Don't trade significant decrease in child poverty for deficit reduction

Aug 31, 2011

By Abigail Newcomer

Congress's August break is nearly over. During the next couple of months, the public will hear a lot about the super committee and deficit reduction negotiations. Lawmakers will publicly debate the "merits" of deep program cuts versus ending tax increases for corporations and the wealthiest among us. What should not get lost in these debates is how we protect vulnerable children and families who have been hardest hit by the recent recession and who continue to struggle as the economy limps along.

Over the last couple of years, we've learned that an increasing number of people have had to rely on safety net programs such as food, cash and housing assistance to put food on the table, make ends meet and keep a roof over their heads.

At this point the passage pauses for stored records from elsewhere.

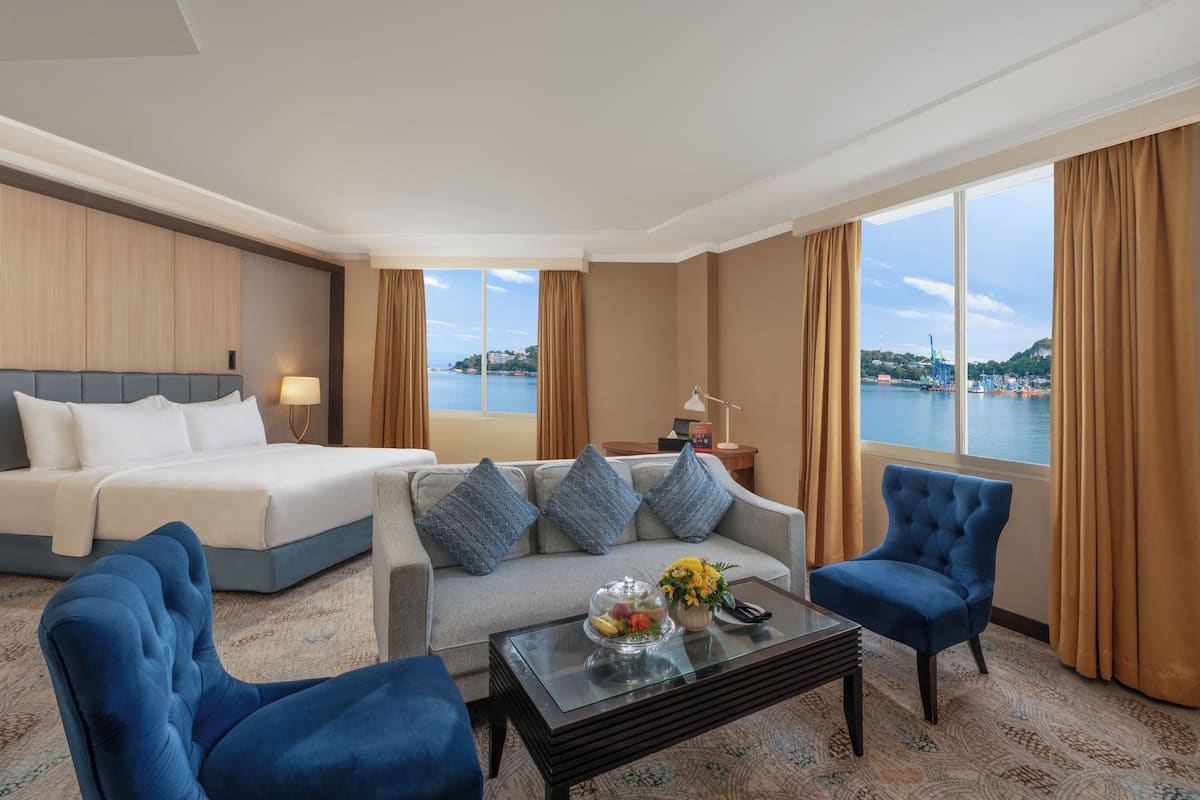 Executive-Suite (Sea View) | Betten mit Memory-Foam-Matratzen, Minibar, Zimmersafe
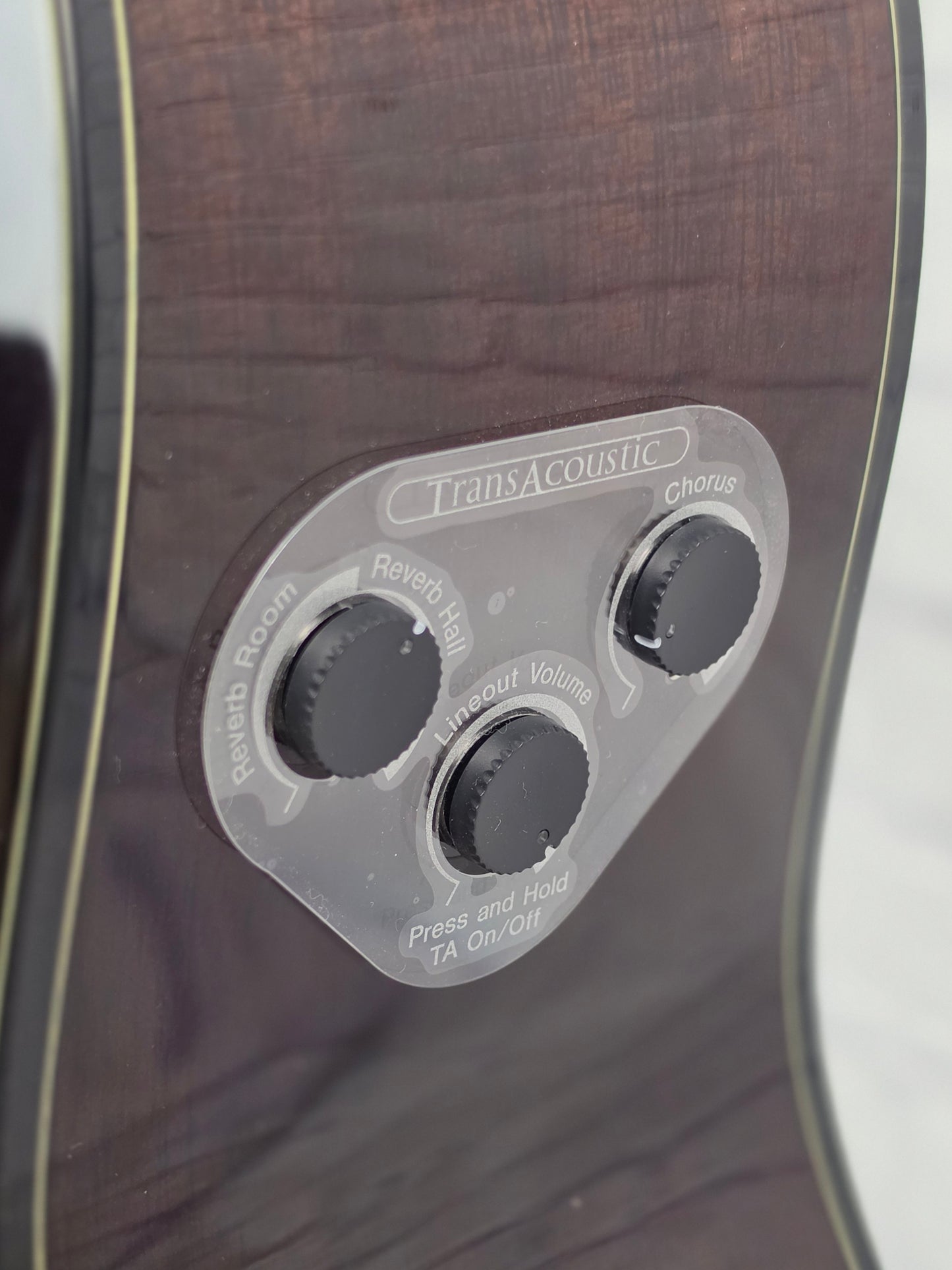 Yamaha TransAcoustic TAG1E 6 String Acoustic Guitar (Gen 2) Translucent Black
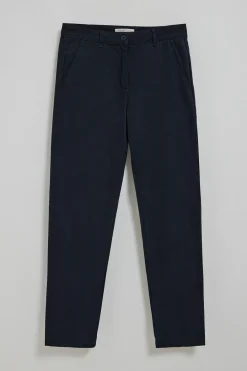 Polo Club Pantalons*Pantalon chino May avec broderie sur une poche minimaliste Bleu Marine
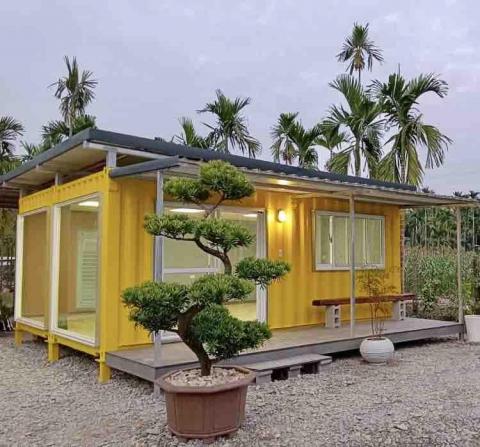 鈞承貨櫃屋 - 20呎原封櫃（併櫃施作）拓展客廳空間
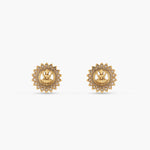 Ivory Lakshmi Antique Stud Earrings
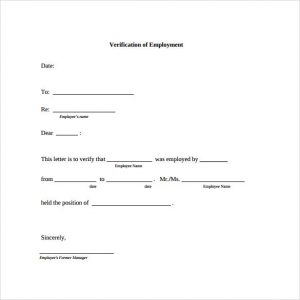 employment verification letter pdf employment verification letter pdf
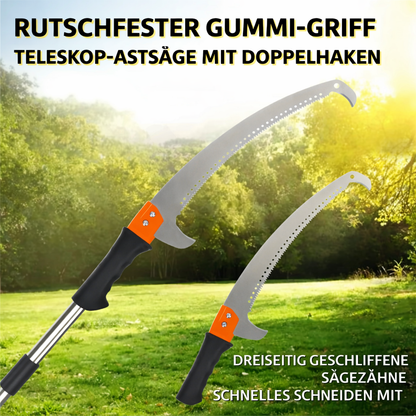 Teleskop-Gartensäge für Obstbaumschnitt und Gartenpflege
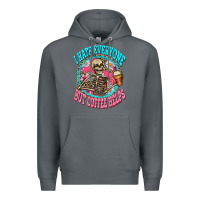 Rock i hate everyone but coffee helps Premium Hoodie - Zillion Design Studio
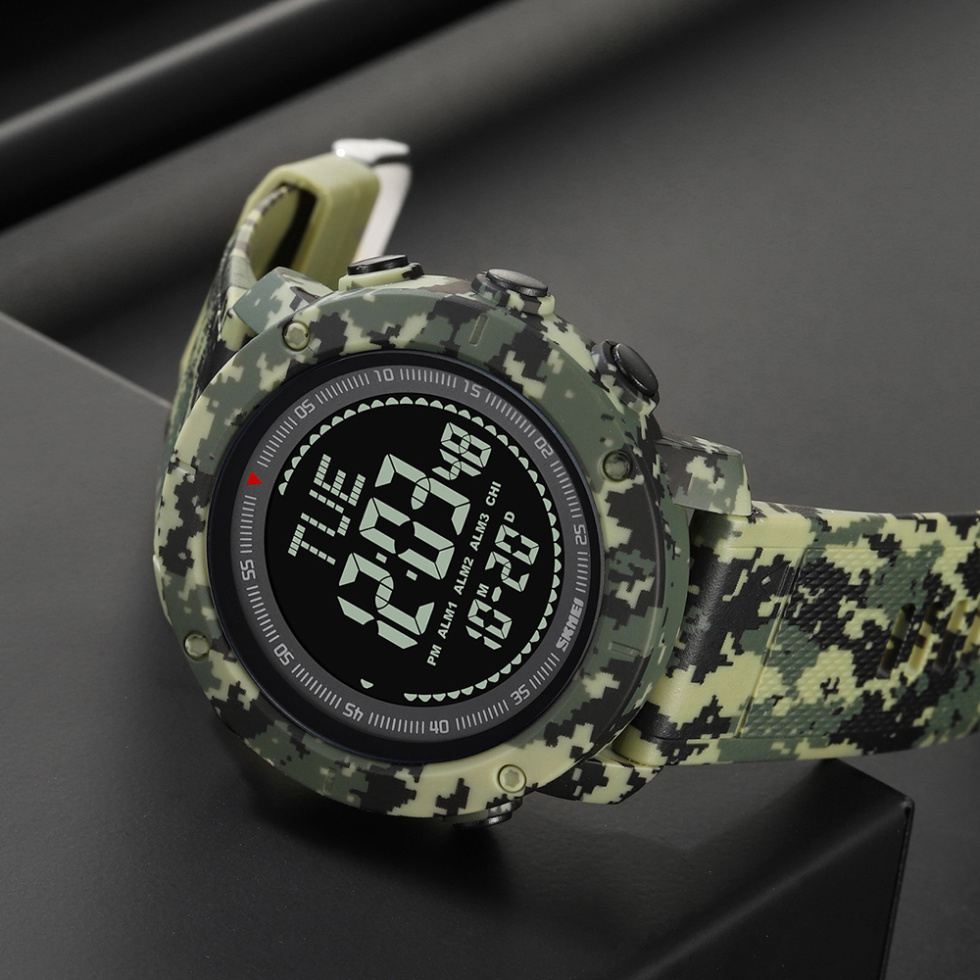 large Часы мужские Skmei 2095CMGN Camo Green 5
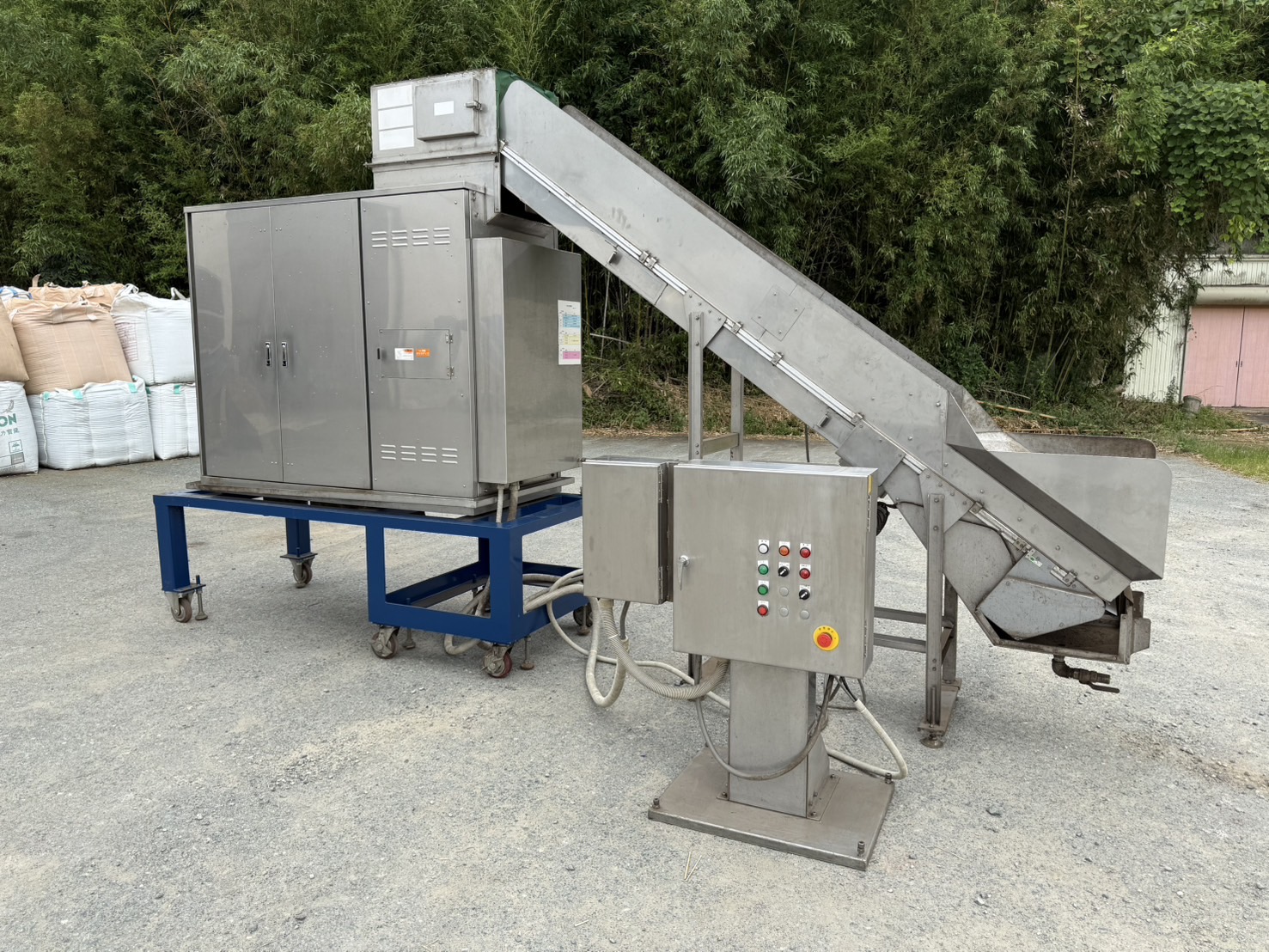 ＜カネミヤ＞包装自動分別処理機 Bun-Bun　KS945　投入コンベア付　3.7 kW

These programs not only help families at a time of great need, they also significantly reduce child poverty and hardship, according to a recent report issued by the Urban Institute. 

The report uses the Supplemental Poverty Measure, an improved way of measuring poverty that takes into account the role played by taxes and public benefits, and also considers the variations in costs of living in different states.

The study found that programs that provide uniform benefits across states, such as the federal Earned Income Tax Credit (EITC) and the Supplemental Nutrition Assistance Program (SNAP), have a higher impact on child poverty in states with lower wages and housing costs. For instance, the impact of these two programs was twice as large in Georgia than it was in Massachusetts, which has a higher cost of living.

Programs, such as TANF and housing assistance, in which benefits vary greatly by state, reduce poverty more for children in states with higher benefit levels. Both TANF and housing assistance provide broader assistance in Massachusetts and, in turn, pulled more children out of poverty there than in Georgia or Illinois where benefits are lower and fewer families received assistance. This is not surprising given that in 2008-2009 Massachusetts provided cash assistance to 41 families for every 100 poor families with children, while Illinois served only nine and Georgia only eight of every 100 poor families.

While the best way to improve the wellbeing of the nation's children is to ensure their parents have jobs with family-sustaining wages, the Urban Institute study demonstrates safety net programs have a profound impact on children. What's more, these programs can only truly support the wellbeing of children if they work together. None of these programs exists in a vacuum. While SNAP is feeding a record number of children and families per year, how effective can it be if, while food is in their bellies, children do not have roofs over their heads or enough money to support their basic needs?

As elected officials engage in back room discussions about reducing the deficit, they should keep in mind the short- and long-term impact of their policies. Reducing the deficit must not come at the expense of child well-being via slashing proven programs that lift children out of poverty.